Fetch resources from a real Kubernetes cluster:
curl –server="https://you_real_k8s" –token=”token" /apis
curl –server=”https://you_real_k8s” –token=”token" /apis/path/to/crd
Upload them to Kaisim API:
curl -H “Authorization: Bearer TOKEN” \
https://api.kais.im/cache \
-d ‘{“api_path”: “/api”, “response”: “YOUR RESPONSE}’
Cached responses defined by the user are prioritized. Also see the following scripts that can help you to understand how cache works: fetch_predefined_api.py and init_cache.py
Exec does not work
When you run kubectl exec, not only it runs an API call, but also opens a websocket stream between the shell of the container and kubectl client. It is a bit challenging to mimic this behavior right now.
Rate limiting
It is an experiment for me, so I enforced rate limiting on api.kais.im endpoints and LLM calls. Right now you will not be able to run more than 5 LLM backed calls per minute per token or IP address. They are configured in the models.py, but I also enforce rate limiting on nginx to avoid app overload. You can of course take the app and run it yourself :)
Possibilities (instead of conclusion)
So, we've messed around with Kaisim, faking the Kubernetes API. But honestly, that's just a tiny peek, right? We've seen how GenAI can whip up decent responses, juggle API calls, and even throw in some hilarious errors. And that's where things get interesting.
Forget just Kubernetes. What if we could simulate everything? Think dynamic, smart simulations for any API, any system. Not just static answers, but stuff that reacts and changes like the real deal.
Want to test your app against a database that's having a bad day? GenAI can do that. Need to see how your services handle a traffic spike or a meltdown? Simulate it. Want to train new folks on a tricky platform without breaking anything? Build a virtual playground.

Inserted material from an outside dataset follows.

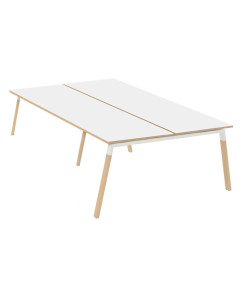 Kit de soportes Bench LEGNO 140, acabado blanco y patas de haya
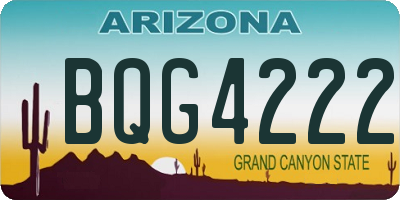 AZ license plate BQG4222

This isn't just about learning or testing. It's about opening up a whole new world of messing around and figuring things out. We can build these wild virtual spaces where we can try anything, learn, and build without hitting real-world walls.
Imagine:
- Instant Chaos Testing: Throw simulated network gremlins or database hiccups at your app, see how it holds up.
- API Sandboxes: Play with complex APIs without actually touching them, learn the ropes.
- Custom Learning Labs: Build simulations that teach you at your own pace, with feedback that makes sense.
We're not just faking APIs; we're faking possibilities. The hiccups we hit now? Just stepping stones. Let's start tinkering, building, and seeing just how far we can push this GenAI simulation thing. The real fun's just starting.